The above data prompted us to assess the addition of CB-839 to CPI-613 treatment. We first investigated the role of this combination in metabolic alterations. Consistent with the enrichment in glucose utilization in cancer cells with PDH depletion [36], CPI-613 treatment alone increased glucose uptake and lactate production in both HN6 and HN31 cells (Fig. 5A and B), suggesting that inhibition of mitochondrial metabolism by CPI-613 may elicit increasing compensatory glycolytic activity. The addition of CB-839 to CPI-613 treatment attenuated the CPI-613-induced increase in glucose consumption and lactate production (Fig. 5A and B). To measure the impact of these treatments on mitochondrial metabolic function, we assessed OCR, an indicator of mitochondrial oxidative phosphorylation (OXPHOS). Remarkably, the combination of CB-839 and CPI-613 demonstrated the lowest OCR normalized to cell number among the four treatment groups (Fig. 5C). Consistent with this phenotype, co-treatment suppressed cell viability and impaired colony formation ability more efficiently than the other three treatments (Fig. 5D and E).

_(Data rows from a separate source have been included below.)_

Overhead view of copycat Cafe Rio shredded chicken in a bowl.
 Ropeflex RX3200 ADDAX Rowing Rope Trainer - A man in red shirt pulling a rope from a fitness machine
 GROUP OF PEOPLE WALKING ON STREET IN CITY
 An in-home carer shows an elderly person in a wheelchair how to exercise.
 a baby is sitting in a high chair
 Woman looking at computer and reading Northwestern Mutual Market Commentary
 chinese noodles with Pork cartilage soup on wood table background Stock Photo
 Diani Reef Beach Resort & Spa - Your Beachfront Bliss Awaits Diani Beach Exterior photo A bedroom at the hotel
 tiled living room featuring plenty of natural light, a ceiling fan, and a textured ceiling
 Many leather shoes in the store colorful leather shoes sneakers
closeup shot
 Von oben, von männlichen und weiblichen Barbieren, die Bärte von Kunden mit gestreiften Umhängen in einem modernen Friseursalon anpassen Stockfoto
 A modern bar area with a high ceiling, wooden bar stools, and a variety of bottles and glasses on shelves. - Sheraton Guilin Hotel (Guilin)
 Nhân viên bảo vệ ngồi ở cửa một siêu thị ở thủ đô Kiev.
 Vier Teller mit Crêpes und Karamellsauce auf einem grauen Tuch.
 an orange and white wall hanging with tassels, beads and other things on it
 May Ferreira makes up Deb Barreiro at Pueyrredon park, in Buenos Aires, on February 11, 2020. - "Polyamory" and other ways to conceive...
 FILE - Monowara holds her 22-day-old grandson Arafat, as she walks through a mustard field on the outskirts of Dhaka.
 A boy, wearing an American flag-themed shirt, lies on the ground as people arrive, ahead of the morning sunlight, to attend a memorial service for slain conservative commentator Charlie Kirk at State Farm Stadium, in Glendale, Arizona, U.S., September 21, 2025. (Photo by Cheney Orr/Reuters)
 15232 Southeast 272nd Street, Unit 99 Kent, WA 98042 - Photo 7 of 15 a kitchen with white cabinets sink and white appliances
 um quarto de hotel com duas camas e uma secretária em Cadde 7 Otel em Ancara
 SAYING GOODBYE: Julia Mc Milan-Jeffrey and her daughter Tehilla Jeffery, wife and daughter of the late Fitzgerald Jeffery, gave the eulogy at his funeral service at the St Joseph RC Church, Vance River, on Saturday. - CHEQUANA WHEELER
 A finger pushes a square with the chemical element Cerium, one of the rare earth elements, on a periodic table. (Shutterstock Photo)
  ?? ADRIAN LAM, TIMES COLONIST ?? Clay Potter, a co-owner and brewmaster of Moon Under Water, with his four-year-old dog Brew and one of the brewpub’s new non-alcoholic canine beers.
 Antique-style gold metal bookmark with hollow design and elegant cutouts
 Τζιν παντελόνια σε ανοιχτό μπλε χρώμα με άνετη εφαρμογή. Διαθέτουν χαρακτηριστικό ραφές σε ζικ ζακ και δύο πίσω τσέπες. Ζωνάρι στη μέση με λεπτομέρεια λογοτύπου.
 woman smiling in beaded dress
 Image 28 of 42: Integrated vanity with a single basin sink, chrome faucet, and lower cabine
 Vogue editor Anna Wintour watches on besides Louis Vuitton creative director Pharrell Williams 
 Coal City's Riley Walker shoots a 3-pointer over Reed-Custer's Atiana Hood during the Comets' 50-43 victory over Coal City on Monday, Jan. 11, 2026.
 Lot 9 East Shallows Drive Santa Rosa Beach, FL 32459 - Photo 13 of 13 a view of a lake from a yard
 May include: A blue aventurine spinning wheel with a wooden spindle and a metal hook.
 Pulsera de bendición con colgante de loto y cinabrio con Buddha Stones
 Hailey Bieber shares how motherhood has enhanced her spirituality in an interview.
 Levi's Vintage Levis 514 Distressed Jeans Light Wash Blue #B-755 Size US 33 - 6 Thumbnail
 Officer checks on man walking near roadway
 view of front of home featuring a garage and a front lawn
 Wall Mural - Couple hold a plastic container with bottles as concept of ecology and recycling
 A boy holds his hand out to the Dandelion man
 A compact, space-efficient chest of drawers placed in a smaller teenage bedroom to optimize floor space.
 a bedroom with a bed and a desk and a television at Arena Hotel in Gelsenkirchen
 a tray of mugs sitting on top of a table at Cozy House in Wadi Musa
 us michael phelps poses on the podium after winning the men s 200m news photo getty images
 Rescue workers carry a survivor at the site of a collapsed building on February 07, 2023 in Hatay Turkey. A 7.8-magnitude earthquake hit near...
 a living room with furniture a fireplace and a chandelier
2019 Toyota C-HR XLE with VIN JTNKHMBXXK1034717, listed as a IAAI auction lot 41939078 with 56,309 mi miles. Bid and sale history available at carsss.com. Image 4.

Moreover, a strong synergistic induction of apoptosis was seen in the dual drug-treated HN6 and HN31 cells, as indicated by an increase in PARP cleavage and rates of apoptosis (Fig. 5F and G). The inhibitory effect of the CB-839 and CPI-613 combination on 3D growth was also evident compared with single-drug treatments (Fig. 5H). Taken together, these observations indicate that CB-839 augments the cytotoxic effect of CPI-613 in HNSCC cells.

To evaluate the effectiveness of the CB-839 and CPI-613 combination in vivo, luciferase-containing HN6 cells were implanted into the tongues of NSG mice to establish tumors. Mice were treated with vehicle, CB-839, CPI-613, or the combination when tongue tumors were visualized. After a two-week treatment, tumor burden was reduced in each single-arm treatment, as evidenced by lower bioluminescent signals (Fig. 6A). Most importantly, the combination of CB-839 and CPI-613 achieved an anticancer effect that was superior to either of the drug treatments alone (Fig. 6A). Histopathological analysis by H&E staining showed no morphologic changes in the major organs (Fig. 6B), suggesting this combination does not produce detectable systemic toxicities. To assess the effect of the treatments on tumor xenografts, tissue sections were immunostained with an anti-Ki67 antibody. Compared with single-arm treatment, a significant reduction in Ki67-positive cells was seen in the mice receiving the dual-drug treatment (Fig. 6C). The drug combination also led to a more robust induction of tumor cell apoptosis than single-arm treatment, as evidenced by greater numbers of TUNEL-positive cells in the tumor tissues obtained from mice in this group (Fig. 6D). These novel findings indicate that the combination of CB-839 and CPI-613 is a safe and more effective therapeutic strategy for HNSCC treatment.